*Goal of the exercise*.
When you reach the line that contains "Feather embroidered french" in the data below, start reproducing lines exactly, and stop after the line that contains "Western Belt Buckle".

*Dataset entries*.
= = = =

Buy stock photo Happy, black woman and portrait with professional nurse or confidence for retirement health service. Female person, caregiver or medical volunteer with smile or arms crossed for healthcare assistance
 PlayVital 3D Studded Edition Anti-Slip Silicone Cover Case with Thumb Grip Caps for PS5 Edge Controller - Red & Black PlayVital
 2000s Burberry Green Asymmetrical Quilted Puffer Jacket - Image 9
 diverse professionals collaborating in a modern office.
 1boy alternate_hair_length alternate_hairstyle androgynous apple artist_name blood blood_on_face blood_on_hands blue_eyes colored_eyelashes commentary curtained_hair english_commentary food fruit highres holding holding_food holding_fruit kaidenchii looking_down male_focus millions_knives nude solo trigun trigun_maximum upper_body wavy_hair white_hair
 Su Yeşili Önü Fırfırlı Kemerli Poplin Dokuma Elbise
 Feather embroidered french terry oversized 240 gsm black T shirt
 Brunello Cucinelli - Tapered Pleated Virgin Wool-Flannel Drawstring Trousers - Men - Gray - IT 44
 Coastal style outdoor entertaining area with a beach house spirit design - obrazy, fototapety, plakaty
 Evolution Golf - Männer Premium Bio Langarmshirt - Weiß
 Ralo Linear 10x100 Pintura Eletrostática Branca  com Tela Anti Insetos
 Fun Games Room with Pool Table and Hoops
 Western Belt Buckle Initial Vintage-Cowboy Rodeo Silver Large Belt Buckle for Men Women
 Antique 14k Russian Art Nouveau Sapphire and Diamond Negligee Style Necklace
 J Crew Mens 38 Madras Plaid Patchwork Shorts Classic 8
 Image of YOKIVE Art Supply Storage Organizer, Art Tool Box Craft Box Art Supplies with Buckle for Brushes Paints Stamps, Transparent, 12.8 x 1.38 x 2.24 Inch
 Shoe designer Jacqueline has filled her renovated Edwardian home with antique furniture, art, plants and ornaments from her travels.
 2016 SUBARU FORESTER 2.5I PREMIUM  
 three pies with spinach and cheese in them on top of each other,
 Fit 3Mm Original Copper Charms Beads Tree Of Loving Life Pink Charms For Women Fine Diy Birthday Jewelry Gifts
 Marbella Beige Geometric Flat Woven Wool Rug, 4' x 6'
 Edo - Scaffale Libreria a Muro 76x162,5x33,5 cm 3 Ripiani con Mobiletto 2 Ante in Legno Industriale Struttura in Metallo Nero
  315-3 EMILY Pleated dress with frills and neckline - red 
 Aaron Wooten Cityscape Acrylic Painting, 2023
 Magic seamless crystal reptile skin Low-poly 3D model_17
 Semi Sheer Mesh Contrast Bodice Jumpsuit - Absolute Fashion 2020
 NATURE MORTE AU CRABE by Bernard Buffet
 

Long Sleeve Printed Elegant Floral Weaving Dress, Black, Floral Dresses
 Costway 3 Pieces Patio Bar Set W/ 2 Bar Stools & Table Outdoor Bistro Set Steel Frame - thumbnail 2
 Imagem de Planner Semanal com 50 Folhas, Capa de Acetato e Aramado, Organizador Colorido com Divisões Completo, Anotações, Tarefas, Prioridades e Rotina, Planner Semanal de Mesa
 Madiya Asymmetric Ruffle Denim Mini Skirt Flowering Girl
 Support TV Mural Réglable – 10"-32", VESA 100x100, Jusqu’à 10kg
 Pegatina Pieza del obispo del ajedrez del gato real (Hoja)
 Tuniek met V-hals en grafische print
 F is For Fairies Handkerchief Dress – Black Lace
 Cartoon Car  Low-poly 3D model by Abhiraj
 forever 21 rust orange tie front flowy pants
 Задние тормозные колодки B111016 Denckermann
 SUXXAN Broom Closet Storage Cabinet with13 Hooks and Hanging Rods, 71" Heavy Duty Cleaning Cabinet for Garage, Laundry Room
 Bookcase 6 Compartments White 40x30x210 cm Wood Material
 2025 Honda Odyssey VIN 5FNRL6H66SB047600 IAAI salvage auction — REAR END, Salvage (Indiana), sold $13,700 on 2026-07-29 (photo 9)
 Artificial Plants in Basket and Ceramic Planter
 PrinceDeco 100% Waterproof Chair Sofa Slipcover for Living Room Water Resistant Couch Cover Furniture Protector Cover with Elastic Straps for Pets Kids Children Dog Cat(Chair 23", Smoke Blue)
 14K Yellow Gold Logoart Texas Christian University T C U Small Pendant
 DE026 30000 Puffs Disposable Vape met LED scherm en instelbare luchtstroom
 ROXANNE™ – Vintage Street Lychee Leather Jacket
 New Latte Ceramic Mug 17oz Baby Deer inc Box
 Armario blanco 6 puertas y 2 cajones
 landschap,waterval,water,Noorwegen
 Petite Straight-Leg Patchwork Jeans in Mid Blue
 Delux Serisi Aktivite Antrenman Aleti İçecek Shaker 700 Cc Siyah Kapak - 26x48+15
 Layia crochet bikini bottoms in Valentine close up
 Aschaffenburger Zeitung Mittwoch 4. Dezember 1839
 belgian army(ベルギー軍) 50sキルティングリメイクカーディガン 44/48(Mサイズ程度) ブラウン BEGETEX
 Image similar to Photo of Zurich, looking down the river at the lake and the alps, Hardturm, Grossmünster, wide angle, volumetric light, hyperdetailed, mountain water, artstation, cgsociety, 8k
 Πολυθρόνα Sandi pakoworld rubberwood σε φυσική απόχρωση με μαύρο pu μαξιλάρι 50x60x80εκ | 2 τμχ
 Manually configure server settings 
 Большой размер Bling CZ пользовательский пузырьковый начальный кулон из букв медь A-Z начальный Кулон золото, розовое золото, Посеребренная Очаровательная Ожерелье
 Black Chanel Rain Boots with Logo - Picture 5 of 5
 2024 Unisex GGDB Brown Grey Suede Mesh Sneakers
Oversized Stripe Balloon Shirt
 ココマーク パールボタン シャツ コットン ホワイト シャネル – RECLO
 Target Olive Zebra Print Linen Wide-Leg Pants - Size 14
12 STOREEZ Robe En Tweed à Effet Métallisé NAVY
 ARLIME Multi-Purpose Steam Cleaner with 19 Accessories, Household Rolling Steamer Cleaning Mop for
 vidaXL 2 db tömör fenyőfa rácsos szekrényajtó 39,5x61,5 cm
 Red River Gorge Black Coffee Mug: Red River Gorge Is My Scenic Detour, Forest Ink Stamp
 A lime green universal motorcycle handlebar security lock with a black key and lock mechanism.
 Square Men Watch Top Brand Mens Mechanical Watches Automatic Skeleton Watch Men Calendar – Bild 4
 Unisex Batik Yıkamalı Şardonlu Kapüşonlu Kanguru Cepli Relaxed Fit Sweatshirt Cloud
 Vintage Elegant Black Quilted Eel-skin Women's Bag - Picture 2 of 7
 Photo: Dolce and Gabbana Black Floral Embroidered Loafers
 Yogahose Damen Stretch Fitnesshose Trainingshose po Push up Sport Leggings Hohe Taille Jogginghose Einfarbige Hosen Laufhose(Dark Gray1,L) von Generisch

= = = =

*Response for this exercise*.
 Feather embroidered french terry oversized 240 gsm black T shirt
 Brunello Cucinelli - Tapered Pleated Virgin Wool-Flannel Drawstring Trousers - Men - Gray - IT 44
 Coastal style outdoor entertaining area with a beach house spirit design - obrazy, fototapety, plakaty
 Evolution Golf - Männer Premium Bio Langarmshirt - Weiß
 Ralo Linear 10x100 Pintura Eletrostática Branca  com Tela Anti Insetos
 Fun Games Room with Pool Table and Hoops
 Western Belt Buckle Initial Vintage-Cowboy Rodeo Silver Large Belt Buckle for Men Women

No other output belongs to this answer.